Starting with the Senate:
The rules of the Senate currently ensure a balanced approach to debating important matters. Among them is the filibuster, which requires 60 votes to end debate on a motion and move to a vote. The filibuster’s purpose is to force competing groups of senators to find compromise solutions rather than ram through items driven by the extremes of either party.
Yet Majority Leader Harry Reid wants to undo this system by eliminating the 60-vote threshold.
Under the current rules, the Senate’s minority party has limited opportunities to influence legislation. It can do so in three main ways: by offering amendments in committee, by offering amendments on the Senate floor, and by negotiating with the majority party before the so-called cloture vote to end debate.
Sen. Reid has already gutted two of these three opportunities, which is a major reason for today’s stalemate.
He has made unprecedented use of Senate Rule 14, for example, which allows the majority leader to bypass committees and write bills behind closed doors. Sen.
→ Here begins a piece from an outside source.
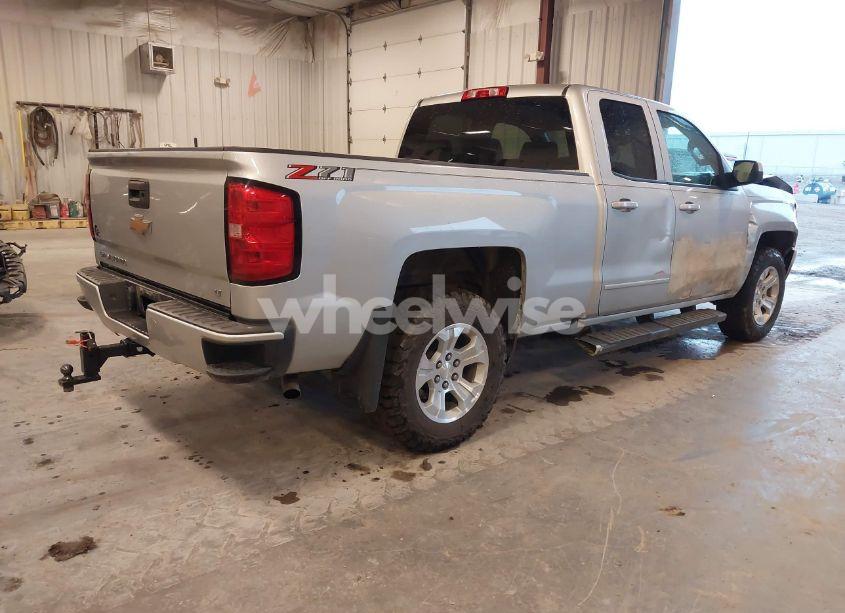 Photo 4 of 2018 Chevrolet Silverado 1500 2LT (VIN 2GCVKRECXJ1111393)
Reid has used this rule to skip committees nearly 70 times, bringing bills straight to the floor—with zero input from members of the minority.
His other favorite maneuver, called “filling the tree,” involves filling all the slots for amendments on the Senate floor so that no other senator (of either party) can offer one. He has done this 69 times since becoming majority leader in 2007. That is more than twice as often as the last four majority leaders combined.
I was planning to write that since the filibuster is a Senate rule, the Senate is entitled to change it. And woe betide the Democrats if they change the rule and then fall into the minority. (When they’d only squeal like stuck pigs to change it back.)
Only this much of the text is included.